Sprach- und literaturwissenschaftliche Fakultät - Korpuslinguistik und Morphologie

cleanV2README.txt

clean.py

	Code to normalize special character used in old german texts. Takes in corpus-files
	in txt format and writes out those files with replacements of the following 
	non-standard characters:

		'⸗' to '-',
		'ſ' to 's',
		'å' to 'a',		
		'ů' to 'u',
		'o̊' to 'o',
		'æ' to 'ae',
		'Æ' to 'AE',
		'œ' to 'oe',
		'Œ' to 'OE',
		'aͤ' to 'ä',
		'oͤ' to 'ö',
		'uͤ' to 'ü',
		'vͤ' to 'ü',
		'Aͤ' to 'Ä',
		'Oͤ' to 'Ö',
		'Uͤ' to 'Ü',
		'Vͤ' to 'Ü',
		'ñ' to 'nn',
		'n̄n' to 'nn',
		'n̄' to 'nn',
		'ñ' to 'nn',
		'ñn' to 'nn',
		'm̄m' to 'mm',
		'm̄' to 'mm',
		'm̃m' to 'mm',
		'm̃' to 'mm',
		'.*_.*' to 'unknown' ('_' represents non-readable Character),
		'€' to 'der', ('€' represents 'digit' (der))
		'$' to 'us', ('$' represents a fracture character translatable as 'us')	//since V2
		'í' to 'i',		// since V2
		'˖' to ':',		// since V2
		'ʒ' to 'z',		// since V2
		'ȝ' to 'z',		// since V2
		'v̂' to 'ü',	// since V2
		'ű' to 'ü',		// since V2
		'ͤa'to'ä',		// since V2
		'äͤ'to'ä'		// since V2

		
	The new documents in ridges-V4 put new demands on the clean-tier regarding to vowels with macrons. The normalization of those characters became unpredictable, even with consideration of the context.

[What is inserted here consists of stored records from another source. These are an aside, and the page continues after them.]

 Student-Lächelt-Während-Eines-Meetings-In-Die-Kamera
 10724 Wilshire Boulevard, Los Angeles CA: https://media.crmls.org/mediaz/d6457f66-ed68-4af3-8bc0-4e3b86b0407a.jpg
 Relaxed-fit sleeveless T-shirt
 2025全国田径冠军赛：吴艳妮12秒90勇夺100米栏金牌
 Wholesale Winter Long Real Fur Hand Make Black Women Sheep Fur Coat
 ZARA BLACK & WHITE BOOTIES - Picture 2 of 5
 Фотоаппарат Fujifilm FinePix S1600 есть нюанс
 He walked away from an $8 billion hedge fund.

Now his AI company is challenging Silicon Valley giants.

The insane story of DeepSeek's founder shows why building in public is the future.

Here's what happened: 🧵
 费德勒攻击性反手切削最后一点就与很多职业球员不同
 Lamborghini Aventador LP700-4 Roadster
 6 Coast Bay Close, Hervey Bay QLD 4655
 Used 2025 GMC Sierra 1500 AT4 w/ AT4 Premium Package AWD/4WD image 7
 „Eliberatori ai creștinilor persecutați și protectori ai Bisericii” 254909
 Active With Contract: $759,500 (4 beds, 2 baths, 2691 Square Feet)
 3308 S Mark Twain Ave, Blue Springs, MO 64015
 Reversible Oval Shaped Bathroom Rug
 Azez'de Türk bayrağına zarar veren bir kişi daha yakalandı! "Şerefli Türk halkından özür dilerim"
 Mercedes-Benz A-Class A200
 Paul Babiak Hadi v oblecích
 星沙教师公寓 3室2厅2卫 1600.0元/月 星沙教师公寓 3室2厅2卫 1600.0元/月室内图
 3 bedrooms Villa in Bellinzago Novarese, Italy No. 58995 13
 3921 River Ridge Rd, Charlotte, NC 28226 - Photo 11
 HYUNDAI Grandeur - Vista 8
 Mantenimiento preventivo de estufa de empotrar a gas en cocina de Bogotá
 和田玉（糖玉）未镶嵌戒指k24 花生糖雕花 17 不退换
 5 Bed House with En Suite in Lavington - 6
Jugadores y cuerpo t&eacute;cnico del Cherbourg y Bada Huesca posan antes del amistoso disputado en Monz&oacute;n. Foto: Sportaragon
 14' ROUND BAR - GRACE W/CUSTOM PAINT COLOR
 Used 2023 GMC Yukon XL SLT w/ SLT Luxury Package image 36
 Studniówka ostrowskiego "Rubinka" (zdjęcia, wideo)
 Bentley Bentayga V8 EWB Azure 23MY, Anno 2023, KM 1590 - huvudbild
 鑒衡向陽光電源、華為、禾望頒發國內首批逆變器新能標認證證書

That's why we decided to replace token containing vowels with macrons with each potential form of that token, separated by '|' (for example: 'auſzwēdig' to: 'auszwemdig|auszwendig')
		
	Furthermore the script contracts token, that were seperated by line breaks and marked with '-' or '⸗'.

	
----------------------------------------------------------------------------------------------------

README Contents:

	Usage
	Required Software
	Input/ Output Format

----------------------------------------------------------------------------------------------------


Usage:

$ ./cleanV2.py 	/path/to/input_file.txt	/path/to/output_file_stem.txt


----------------------------------------------------------------------------------------------------


Required Software:

+ python >= 2.3	< 3.0	


----------------------------------------------------------------------------------------------------


Input/Output Format:


The input corpus needs to be in txt format.  Each line contains a line break span-annotation and one "dipl"
token (see the guidelines for version 3.0 of Ridges Herbology) separated by a single tab character.  An 
example:

		lb	dipl			# tier term
		lb	Dies
			ist	
			ein	
			Form-
		lb	bsp	
			.

Quotation marks require the escape character (\) or the predefined xml-masking ("), otherwise format issues may appear.
			
One output file is created for each input file. The output file contains the annotation tiers of the input file
with the replacements outlined above.



----------------------------------------------------------------------------------------------------



Author: Vivian Voigt